Reflection #10 – [10/02] – Subhash Holla H S

“When you are young, you look at television and think, there’s a conspiracy. The networks have conspired to dumb us down. But when you get a little older, you realize that’s not true. The networks are in business to give people exactly what they want.”                                – Steve Jobs

The paper is a good precursor to the research project that Shruthi and I are interested in. I would like to analyze the paper in terms of a few keys points that were mentioned trying to capture the things mentioned in the paper and sharing my own insights and possible explanations for them.

Conspiracy theory:

The paper eludes to this concept of people online and websites, in general, are catering to “conspiracy theories” as that is what has been seen to draw people’s attention.  But what are conspiracy theories? The paper categorizes them under “alternative narratives” not giving a formal definition of what is being considered as “conspiracy theory”. I will define it as “any propagation of misinformation” which I believe is broadly the same meaning the paper talks about as well. A couple of interesting facts that the paper talks about which I feel is worthy of address are:

  • once someone believes in a conspiracy theory of an event, it is extremely hard to dissuade them from this belief“. Here I would like to further substantiate that some opinions and beliefs are ingrained into a person and unless they are given a logical explanation over a long period of time reinforcing the notion that they might be wrong it will be difficult to get a person to change their stance. This effort is a necessary one and I feel painting the picture of where the information is coming from will help negatively reinforce the idea that they are right. If we do not put an effort to do this then “belief in one conspiracy theory correlates with an increased likelihood that an individual will believe in another” will turn out to be true as well.
  • The definition of conspiracy theorists being a part of ‘alternative to “corporate-controlled” media‘ is one I do not agree with. This raises a philosophical debate as to where we draw a line? Should we draw a line or should we look for methods that do not try and draw a line?

Bias:

“first author is a left-leaning individual who receives her news primarily through mainstream sources and who considers that alternative narratives regarding these mass shooting events to be false” was according to me a revelation in the field of human behavioral modeling. Being a part of the Human Factors community and have interacted with many Human Factors professionals this is the first time that I have seen an author explicitly mentioned inherent bias in an effort to eliminate it. Acknowledgment is the first step to elimination. I think the elimination of Bias should follow a similar procedure like the time-tested 12-step model we follow in Addiction recovery.  That could be an interesting study as a model like that could shed some light on my hypothesis that “Humans are addicted to being biased”.

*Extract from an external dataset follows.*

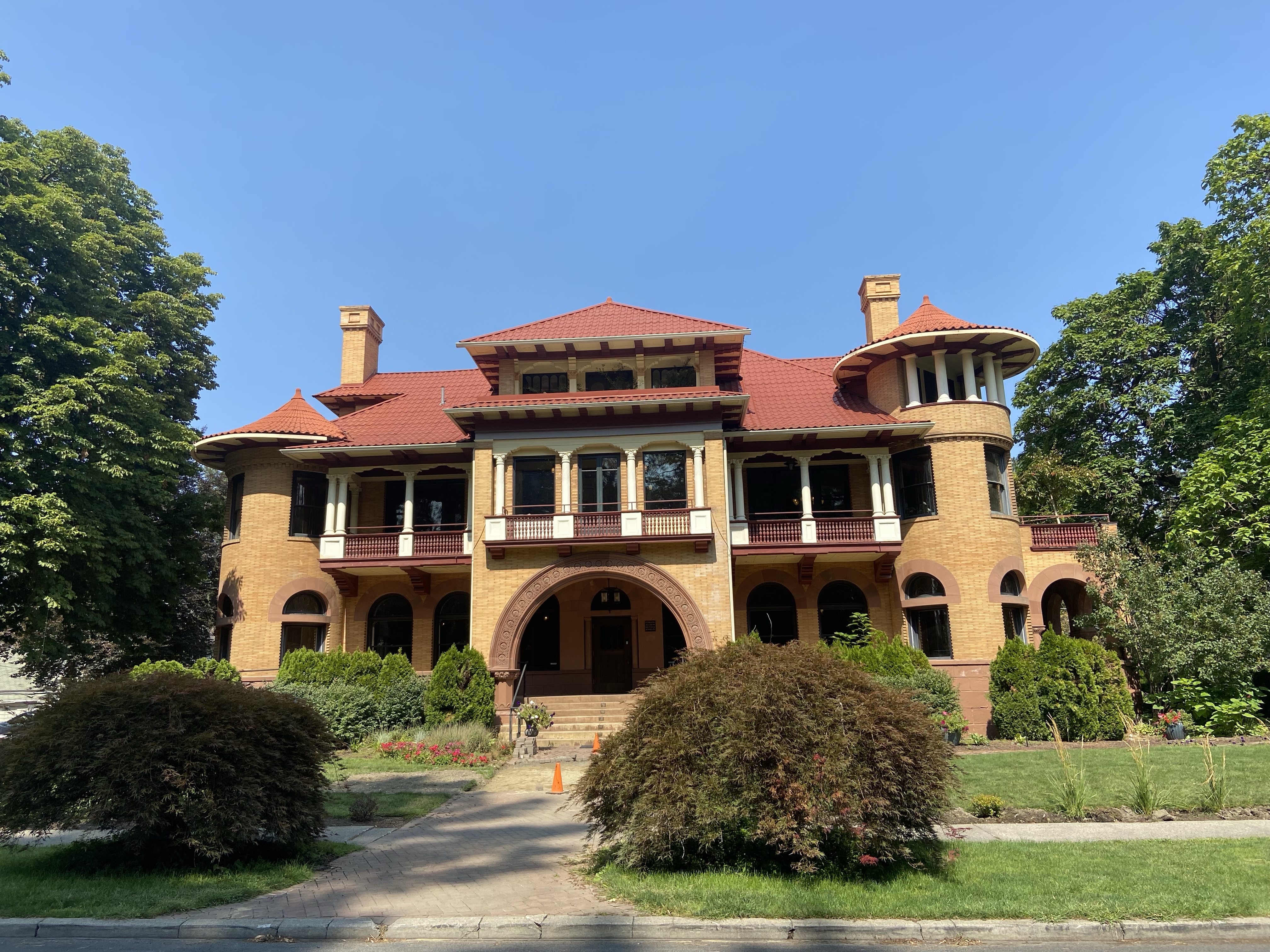 Patsy Clark Mansion – Walkies Through History
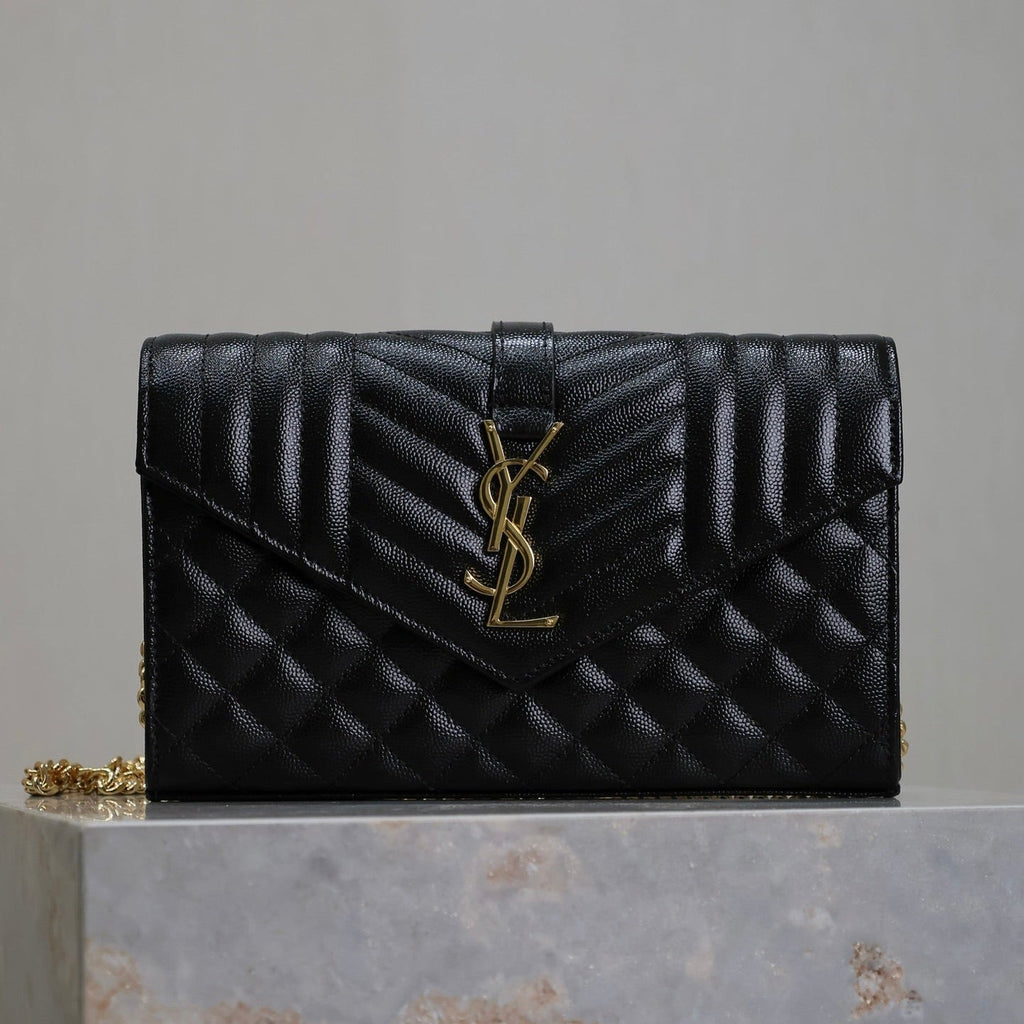 SAINT LAURENT ENVELOPE CHAIN BAG 22 IN BLACK LAMBSKIN GOLD HARDWARE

Another point is the use of confusion matrix based on signal detection theory. We could use this to build a conservative or liberal model of a human and then use this generalized model to help design tools to foil the propagation of misinformation and “alternative narratives”.

General Reflection:

In general, I found a couple more observations that resonated with the previous readings of this semester.

The overall referral to misinformation propagation coupled with the video lecture where the author presents an example of Deep Fakes for misinformation propagation, sent me back to this question that I have been asking myself off late. All of the research we have analyzed is on text data. What if the same was video data? Especially in this case as we do get some if not all of our information from YouTube and other such video platforms. Will this research translate directly to that case? Is there existing and/or ongoing research on the same? Is there a need for research on it?

Theme convergence was another concept that really interested me as I would be really interested in understanding how diverse domains converge to common themes. These will help build better group behavioral models and overcome the problem of falling into Simpson’s paradox that researchers fall into, especially when dealing with human data.